For over one hundred and fifty years Robert Stevenson and his decendants designed most of Scotland Lighthouses. Batting against the odds and the elements – the Stevensons constructed wonders of engineering that have withstood the test of Time and amazing historical achievement. Robert Stevensons talented family also included the famous writer Robert Louis Stevenson.
All Scottish Lighthouses now operate automatically. The last one 1998. Prior to the automation of Stoer Lighthouse a Principal Lightkeeper and an Assistant, with their families, lived at the light. There is a walled garden for planting vegetable and to have pigs. The families were almost self sufficient and would have grown their own vegetables and kept some livestock. Lightkeeping was a remote, lonely and hard existence. At night each keeper was required to keep a watch in the lightroom.
To ensure that the light flashed correctly to character. During daytime the keepers were engaged in maintaining and cleaning the facilities. At the time of building the lighthouse the Principal Lightkeeper was paid £77 a year.
Pets are welcome at the Groundfloor Apartment at Stoer Lighthouse. As Stoer Lighthouse is a perfect holiday place for people with a dog we allow you to bring your dog with you when you book the Groundfloor Apartment. Because of restrictions to protect people with a dog hair allergies we only allow dog in the Groundfloor Apartment and only if they are well behaved.
The Area around Stoer Lighthouse is a perfect site to walk – alone or with your dog. Here are some recommendations for nice walks;
Drumbeg Peat Roads
Park in the car park at the Drumbeg Viewpoint, grid reference 120330. This is reached by the B869 which runs, tortuously, from Lochinver to Unapool near Kylesku. The peat roads were built for the crofters of Drumbeg and Culkein to gain access to their peat cuttings and transport the peats out. They have been there for more than 150 years. Between 1890 and 1914 work was carried out by local people to improve them with funding from the Congested Districs Board.
Except for the Outer Hebrides the Assynt Landscape is like nowhere else in Britain. The Basic rock is Lewisian Gneiss which is the oldest rock in Britain. It has been eroded and now forms a lumpy landscape, full of knolls and hollows, often reffered to as cnoc and lochan. On top of this are mountains of Torridon sandstone which rear up in strange abrupt shapes.
Before you start your walk admire the splendid view over Edrachillis Bay to the mountains far north. Then turn left, east along the road. Walk past the village shop and the pub until you can turn right on a narrow road signed for tearoom. Pass throught a kissing gate and than a gate and stroll down beside the building of the tearoom. At the bottom of the hill go throught two more gates on a lovely green track curving up and round a hill.
Climb on up the track to the crest of the hill which passes a loch and goes on below grassy hillside.

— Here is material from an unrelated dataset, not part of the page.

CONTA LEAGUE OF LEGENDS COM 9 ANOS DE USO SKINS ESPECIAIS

After following this walk bear right and walk back to the car park with good views to your right over Loch Drumbeg. The total distance is about 4.5 Miles and please allow 2 / 2.5 hours for it.
The Old Man of Stoer
The Old Man is a fine sea stack 62 meters high, on the west side of the peninsula close in to the cliffs. It was first climbed in 1966. Nowadays it is climbed more frequently and the top is hung with abseil slings.
Walk from the lighthouse walled garden to the left, following the cliffs of the sea on a wide grassy path. After ½ Mile from the Lighthouse a steep-sided gully cuts right across the way. There are several paths down into it and out again but it is quiet eroded.

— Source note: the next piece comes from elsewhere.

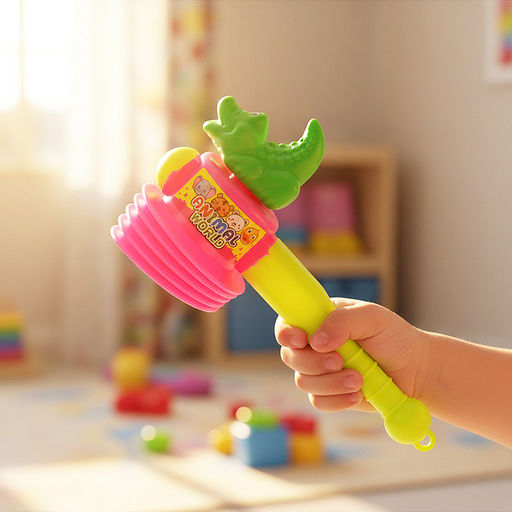 Молоток - стучалка "Крокодильчик" 25 см., в сетке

Follow the path along the cliff edges to reach the Old Man of Stoer in about less than an hour. Go further to the Point of Stoer and return the landside path to Sidhaen Mor back to your home.
Achmelvich to Alltanabradhan
Park in the large car park behind the beach of Achmelvich. To get there take the B869 which leaves the A837 one mile north of Lochinver. After 2 Miltes take a minor road on the left signed to Achmelvich and Youth Hostel.
The Alltanabradhan Meal Mill is all that remains of a tiny building which used to grind the flour for the Townships of Achmelvich and Clachtoll. It was of a type called a clack/mill, where the upper millpaddle wheel turned by the fluim, a millrace through the center of the building.
The mill was in use from the 1600 till the late 1800s. You can still see the millrace, and there are several millstones lying on the grounds. On your walk you will see the nice blue beaches. This walks needs around 2 hours with a total distance of 3 Miles.